Increase in Variety and Specialisation

The Colorful Lego

Visualisation of colours in use in LEGO sets over time
Analysis of LEGO colours in use over time. Source: The Colorful Lego Project

Great visualisations and analysis in this report and public dashboard from Edra Stafaj, Hyerim Hwang and Yiren Wang, driven primarily by the evolving colours found in LEGO sets of over time, and considering colour as a proxy for complexity. Some of the key findings:

  • The variety of colours has increased dramatically over time, with many recently introduced colours already discontinued.
  • The increase in variety of colours is connected with growth of new themes. Since 2010, there has been a marked increase in co-branded sets (“cooperative” theme, eg, Star Wars) and new in-house branded sets (“LEGO commercial” theme, eg, Ninjago) as a proportion of all sets.
  • That specialised pieces (as modelled by Minifig Heads – also noted as the differentiating part between themes) make up the bulk of new pieces, compared to new generic pieces (as modelled by Bricks & Plates).

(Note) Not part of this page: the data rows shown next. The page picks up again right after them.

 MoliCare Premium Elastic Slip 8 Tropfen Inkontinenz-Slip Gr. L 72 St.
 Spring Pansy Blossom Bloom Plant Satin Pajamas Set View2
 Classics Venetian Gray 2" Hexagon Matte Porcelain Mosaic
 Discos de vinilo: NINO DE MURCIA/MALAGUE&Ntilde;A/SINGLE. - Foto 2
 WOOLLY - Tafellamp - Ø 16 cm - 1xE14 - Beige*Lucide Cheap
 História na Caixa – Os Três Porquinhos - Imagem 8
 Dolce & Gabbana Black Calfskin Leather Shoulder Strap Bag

Colour is an interesting dimension to consider, as it may be argued an aesthetic, rather than mechanical, consideration for reuse. However, as noted in the diversification of themes, creating and satisfying a wider array of customer segments is connected to the increasing variety of colour.

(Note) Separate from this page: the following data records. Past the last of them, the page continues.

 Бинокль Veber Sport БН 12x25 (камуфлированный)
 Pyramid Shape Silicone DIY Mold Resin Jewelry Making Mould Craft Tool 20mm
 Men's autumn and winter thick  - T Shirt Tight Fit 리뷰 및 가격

So I see variety and complexity increasing, and more specialisation over time. The discontinuation of colours suggests reuse may be reducing over time, even while generic bricks & plates persist.

67 Years of Lego Sets

Visualisation of the LEGO, in the LEGO, for the LEGO people. Source 67 Years of Lego Sets

An engaging summary from Joel Carron of the evolution of LEGO sets over the years, including Python notebook code, and complete with a final visualisation made of LEGO bricks! Some highlights:

  • The number of parts in a set has in general increased over time.
  • The smaller sets have remained a similar size over time, but the bigger sets keep getting bigger.
  • As above, colours are diversifying, with minor colours accounting for more pieces, and themes developing distinct colour palettes.
  • Parts and sets can be mapped in a graph or network showing the degree to which parts are shared between sets in different themes. This shows some themes share a lot of parts with other themes, while some themes have a greater proportion of unique parts. Generally, smaller themes (with fewer total parts) share more than larger themes (with more total parts).

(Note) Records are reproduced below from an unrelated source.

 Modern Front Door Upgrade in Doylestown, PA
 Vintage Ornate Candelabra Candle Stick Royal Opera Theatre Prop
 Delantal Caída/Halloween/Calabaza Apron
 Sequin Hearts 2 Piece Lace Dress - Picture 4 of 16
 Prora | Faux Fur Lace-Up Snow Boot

So here we add to variety and specialisation with learning about sharing too, but without the chronological view of that would help us understand more about reuse – were sets with high degrees of part sharing developed concurrently or sequentially?

Reduction in Sharing and Reuse

LEGO products have become more complex

A comprehensive paper, with dataset and R scripts, analysing increasing complexity in LEGO products, with a range of other interesting-looking references to follow up on, though acknowledgement that scientific investigations on the development of the LEGO products remain scarce.

This needs a thorough review in its own post, with further analysis and commentary on the implications for software reuse and management. That will be the third post of this trilogy in N parts.

Lessons for Software Reuse

If we are considering LEGO products as a metaphor and benchmark for software reuse, we should consider the following.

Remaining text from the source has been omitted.